# Parallel computing with Dask

## Authors & Contributors
### Authors
- Tina Odaka, UMR-LOPS Ifremer (France), [@tinaok](https://github.com/tinaok)
- Pier Lorenzo Marasco, Provare LTD (UK), [@pl-marasco](https://github.com/pl-marasco)

### Contributors
- Alejandro Coca-Castro, The Alan Turing Institute, [acocac](https://github.com/acocac)
- Anne Fouilloux, Simula Research Laboratory (Norway), [@annefou](https://github.com/annefou)
- Guillaume Eynard-Bontemps, CNES (France), [@guillaumeeb](https://github.com/guillaumeeb)

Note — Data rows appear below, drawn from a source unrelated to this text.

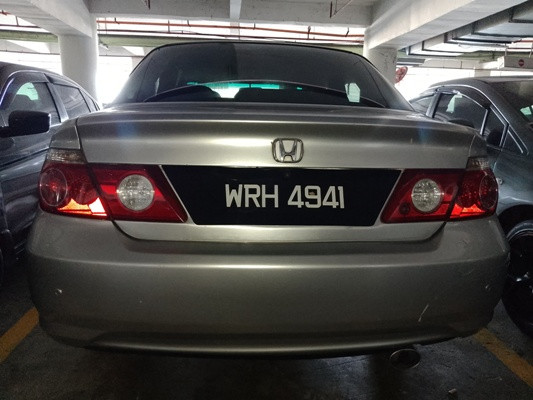 HONDA CITY 1.5 (A) VTEC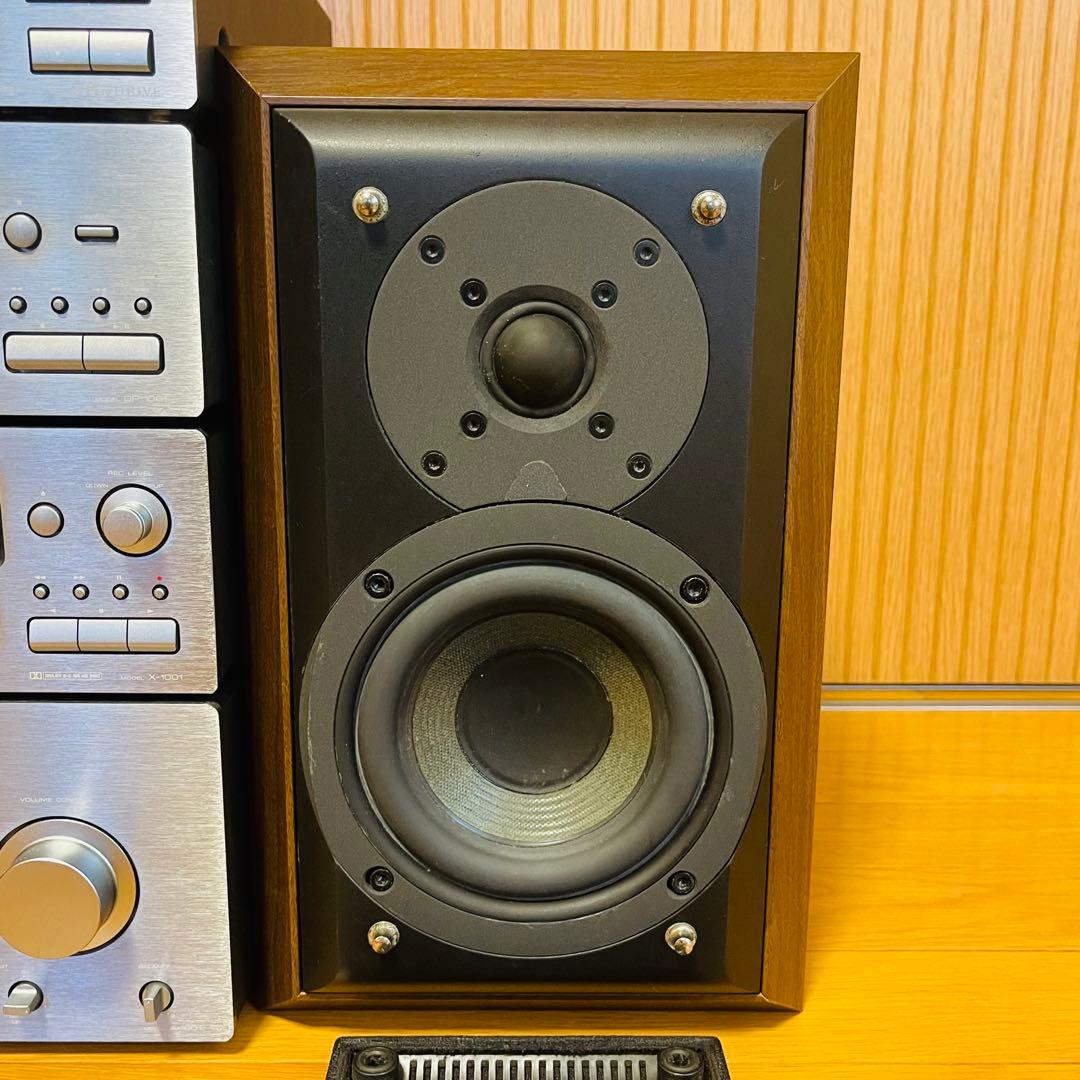 Kenwood Mini Component Systems K S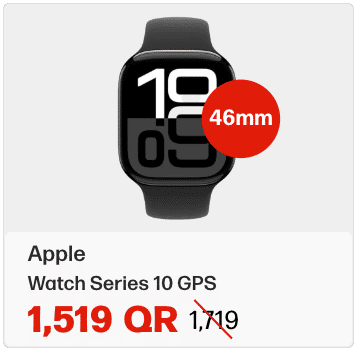 Watch Series 10 In Qatar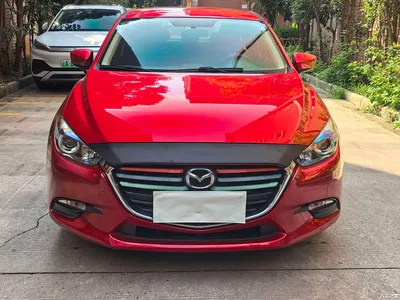 2017 Mazda Mazda3 Axela Sedan 1.5L Manual Comfort China V, фото 2, лот 10325329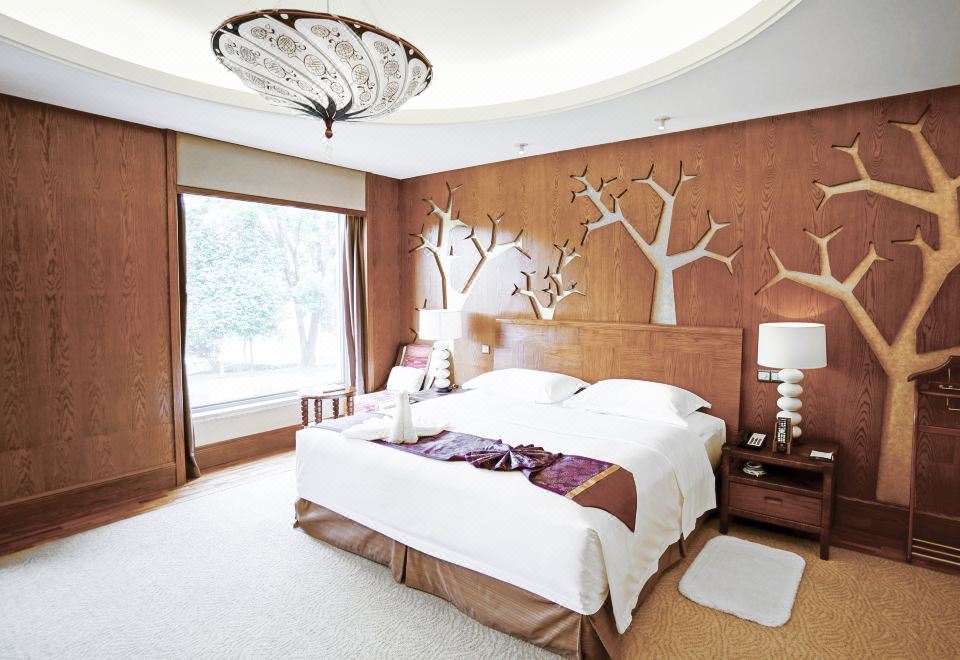 Huquan Resorts & SpaFamily Suite (Building A)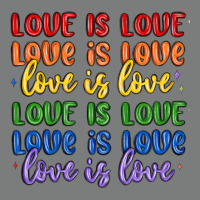 Love Is Love Lgbtq Premium Hoodie | Teevron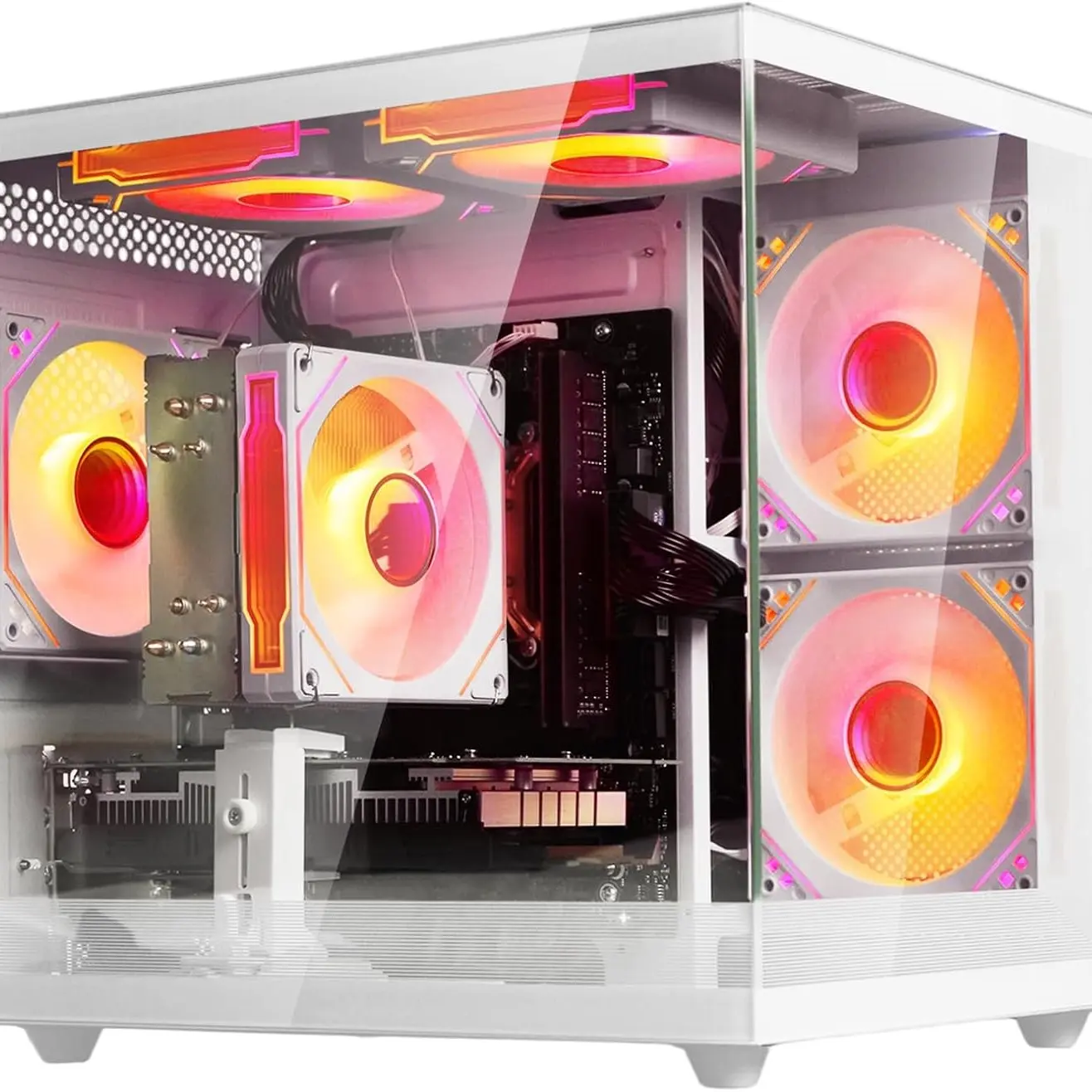 Ryzen5-16G-512G-RX560 4G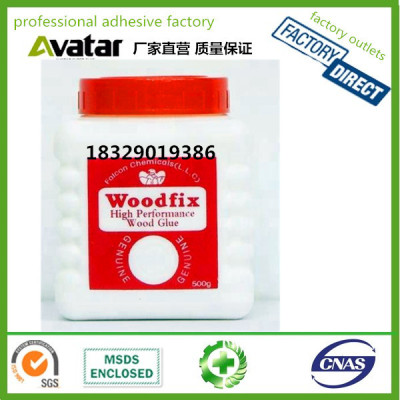 Non-toxic Washable White Glue WOODFIX PVA Glue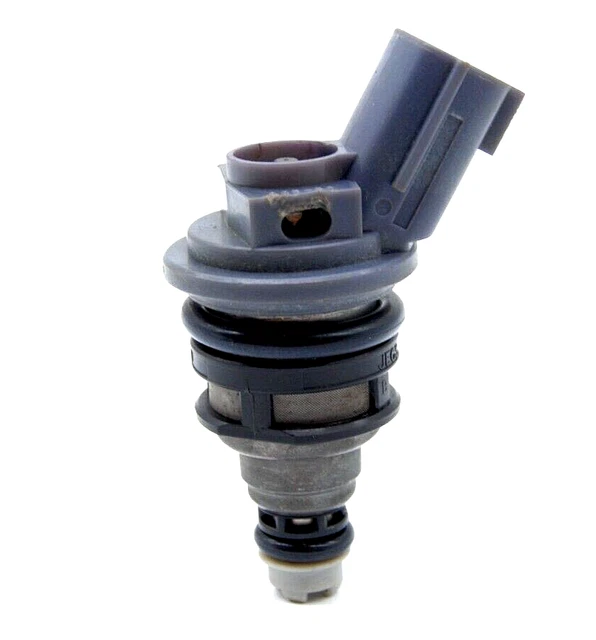 370CC FUEL INJECTOR FOR NISSAN 300ZX VG30DETT PHASE 2 9500 JECS PURPLE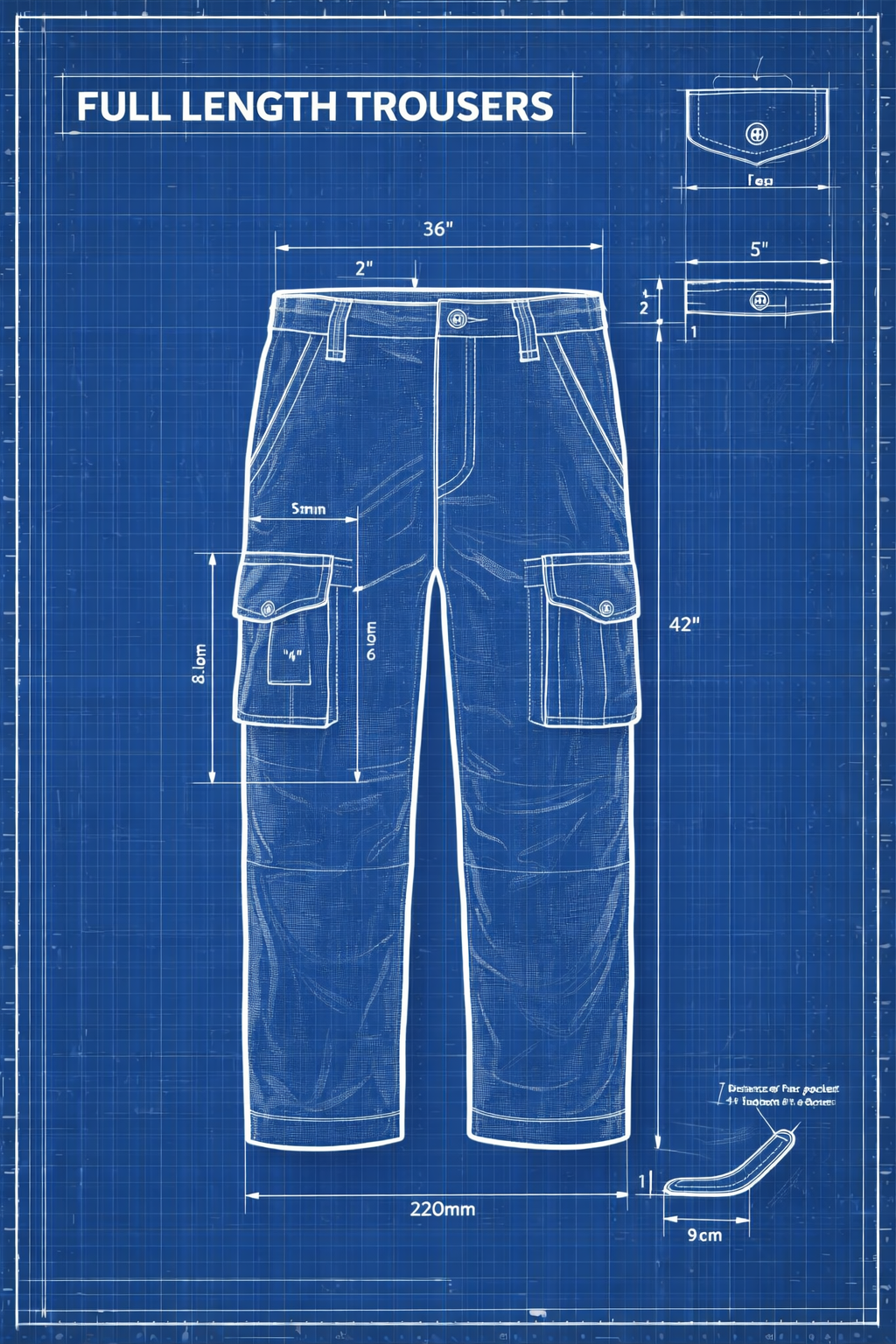 Trousers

<div class="alert alert-info">
<i class="fa-question-circle fa" style="font-size: 22px;color:#666;"></i> <b>Overview</b>
    <br>
    <br>
    <b>Questions</b>
    <ul>
        <li>What is Dask?</li>
        <li>How can I parallelize my data analysis with Dask?</li>
    </ul>
    <b>Objectives</b>
    <ul>
        <li>Learn about Dask</li>
        <li>Learn about Dask Gateway, Dask Client, Scheduler, Workers</li>
        <li>Understand out-of-core and speed-up limitations</li>
    </ul>
</div>

## Context

We will be using [Dask](https://docs.dask.org/) with [Xarray](https://docs.xarray.dev/en/stable/) to parallelize our data analysis.  We continue to use the snow index example.  


## Setup

This episode uses the following Python packages:

- pooch {cite:ps}`e-pooch-Uieda2020`
- s3fs {cite:ps}`e-s3fs-2016`
- xarray {cite:ps}`e-xarray-hoyer2017` with [`netCDF4`](https://pypi.org/project/h5netcdf/) and [`h5netcdf`](https://pypi.org/project/h5netcdf/) engines
- hvplot {cite:ps}`e-holoviews-rudiger2020`
- dask {cite:ps}`e-dask-2016`
- graphviz {cite:ps}`e-graphviz-Ellson2003`
- numpy {cite:ps}`e-numpy-harris2020`
- pandas {cite:ps}`e-pandas-reback2020`
- geopandas {cite:ps}`e-geopandas-jordahl2020`

Please install these packages if not already available in your Python environment (you might want to take a look at [the Setup page of the tutorial](https://pangeo-data.github.io/foss4g-2022/before/setup.html)).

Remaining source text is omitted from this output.